Chicken Zucchini Bake
Spring is the perfect time to bring fresh, light flavors into your kitchen, and this Chicken Zucchini Bake does exactly that.
Prep Time 15 minutes mins
Cook Time 30 minutes mins
Total Time 45 minutes mins
Course Main Course
Cuisine Mediterranean
Servings 4 servings
Calories 350 kcal
For the Chicken and Zucchini:
- 2 large boneless skinless chicken breasts, cut into bite-sized pieces
- 3 medium zucchinis sliced into thin rounds
- 1 tablespoon olive oil
- 1 teaspoon salt
- ½ teaspoon black pepper
- 1 teaspoon garlic powder
- 1 teaspoon dried oregano
For the Cheesy Sauce:
- 1 cup heavy cream
- ½ cup grated Parmesan cheese
- 1 cup shredded mozzarella cheese
- 1 teaspoon Dijon mustard
- 1 teaspoon fresh lemon juice
Optional Topping:
- ¼ cup breadcrumbs
- 2 tablespoons grated Parmesan
- 1 teaspoon chopped fresh parsley
Step 1: Prep the Chicken and Zucchini
Preheat your oven to 375°F (190°C).
Slice the zucchini into thin rounds, about ¼-inch thick. Try to make them uniform so they cook evenly.
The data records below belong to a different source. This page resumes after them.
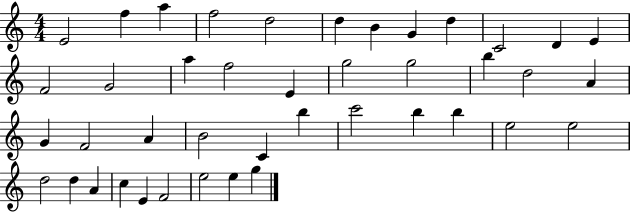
E4/h F5/q A5/q F5/h D5/h D5/q B4/q G4/q D5/q C4/h D4/q E4/q F4/h G4/h A5/q F5/h E4/q G5/h G5/h B5/q D5/h A4/q G4/q F4/h A4/q B4/h C4/q B5/q C6/h B5/q B5/q E5/h E5/h D5/h D5/q A4/q C5/q E4/q F4/h E5/h E5/q G5/q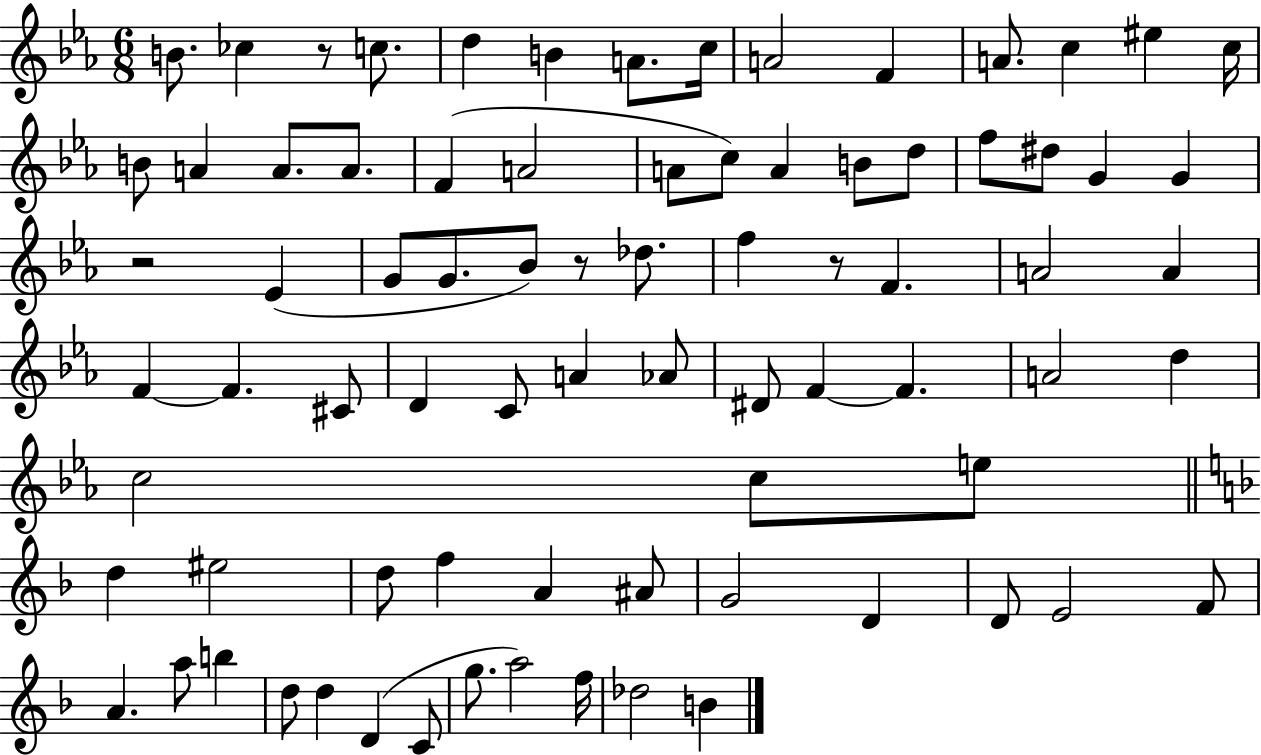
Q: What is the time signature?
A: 6/8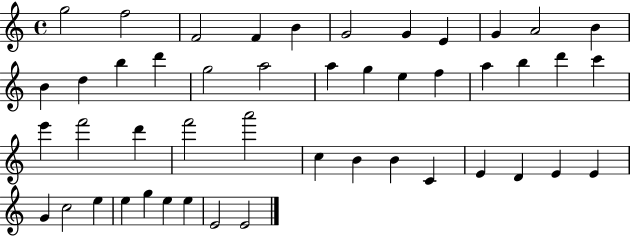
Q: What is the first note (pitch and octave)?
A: G5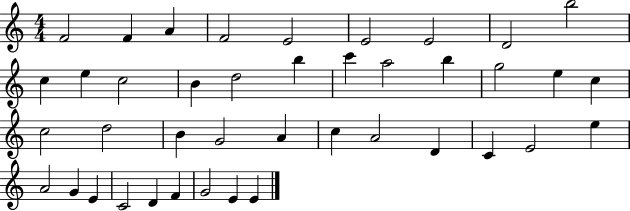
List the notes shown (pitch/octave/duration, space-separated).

F4/h F4/q A4/q F4/h E4/h E4/h E4/h D4/h B5/h C5/q E5/q C5/h B4/q D5/h B5/q C6/q A5/h B5/q G5/h E5/q C5/q C5/h D5/h B4/q G4/h A4/q C5/q A4/h D4/q C4/q E4/h E5/q A4/h G4/q E4/q C4/h D4/q F4/q G4/h E4/q E4/q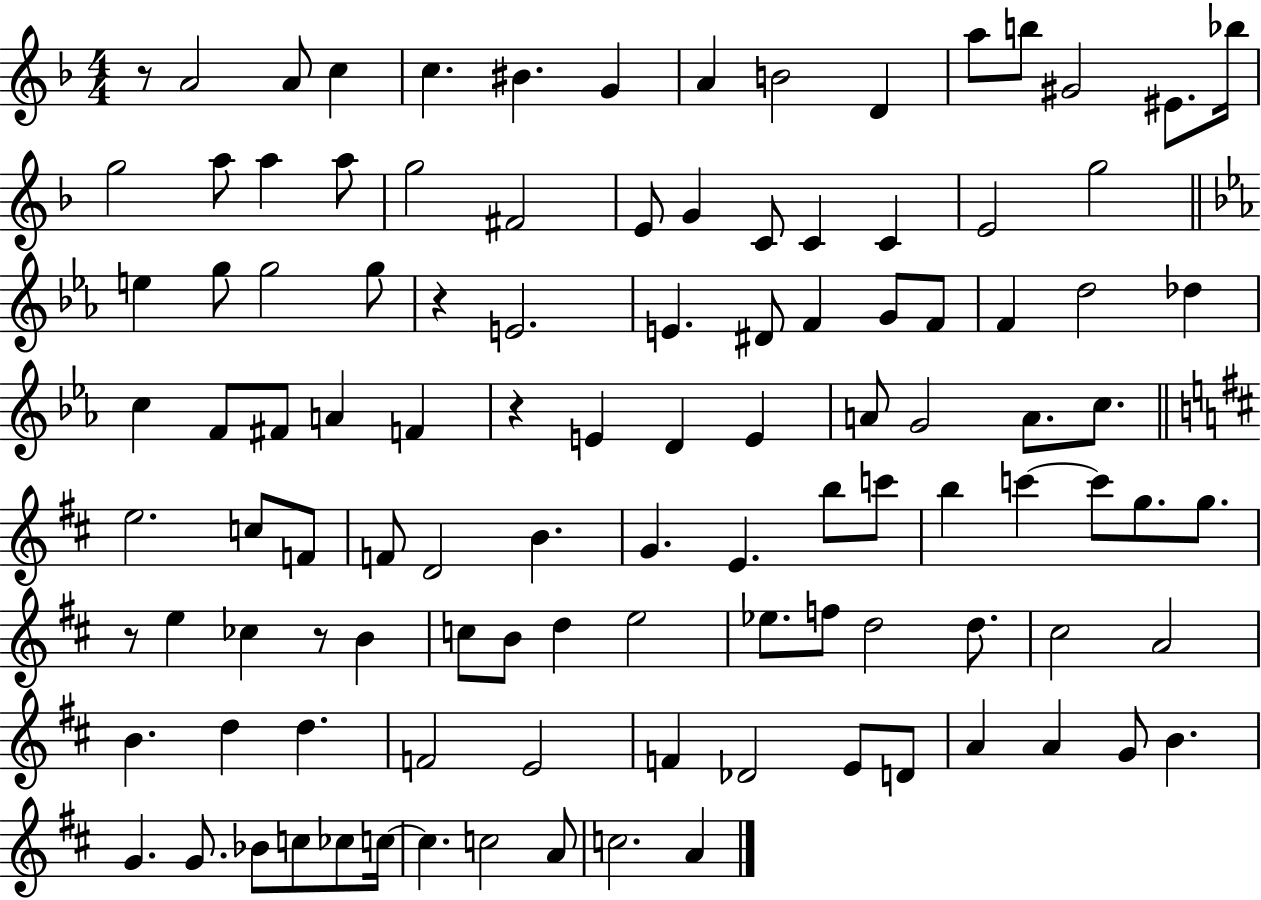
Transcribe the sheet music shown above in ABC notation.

X:1
T:Untitled
M:4/4
L:1/4
K:F
z/2 A2 A/2 c c ^B G A B2 D a/2 b/2 ^G2 ^E/2 _b/4 g2 a/2 a a/2 g2 ^F2 E/2 G C/2 C C E2 g2 e g/2 g2 g/2 z E2 E ^D/2 F G/2 F/2 F d2 _d c F/2 ^F/2 A F z E D E A/2 G2 A/2 c/2 e2 c/2 F/2 F/2 D2 B G E b/2 c'/2 b c' c'/2 g/2 g/2 z/2 e _c z/2 B c/2 B/2 d e2 _e/2 f/2 d2 d/2 ^c2 A2 B d d F2 E2 F _D2 E/2 D/2 A A G/2 B G G/2 _B/2 c/2 _c/2 c/4 c c2 A/2 c2 A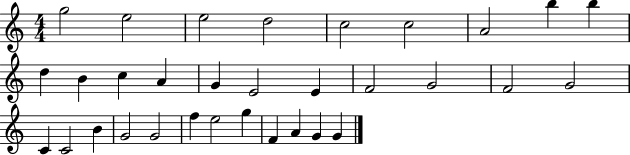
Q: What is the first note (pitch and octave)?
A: G5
Cut the chicken breasts into bite-sized pieces, roughly 1-inch cubes.
In a mixing bowl, toss the chicken with olive oil, salt, pepper, garlic powder, and dried oregano until everything is evenly coated.
Pro Tip: Let the chicken sit for 5 minutes while prepping the sauce—it helps the seasoning penetrate and boosts flavor.
Step 2: Make the Cheesy Sauce
In a medium bowl, combine heavy cream, Parmesan, mozzarella, Dijon mustard, and lemon juice.
Whisk until the sauce is smooth and creamy.
Pro Tip: Whisk continuously to prevent lumps and ensure the cheeses melt evenly into the cream.
Step 3: Layer the Ingredients
Lightly grease your baking dish with olive oil or non-stick spray.
Spread half of the zucchini slices evenly across the bottom of the dish.
Add the seasoned chicken on top of the zucchini layer.
Pour half of the cheesy sauce over the chicken, spreading it gently with a spatula.
Layer the remaining zucchini on top and pour the rest of the sauce over it.
Pro Tip: Make sure the sauce covers the chicken completely—this keeps it moist while baking.
Step 4: Add the Topping
If using breadcrumbs, combine them with the extra Parmesan and parsley in a small bowl.
Sprinkle evenly over the top of the casserole.
Optional: drizzle a tiny bit of olive oil over the topping for a golden, crispy finish.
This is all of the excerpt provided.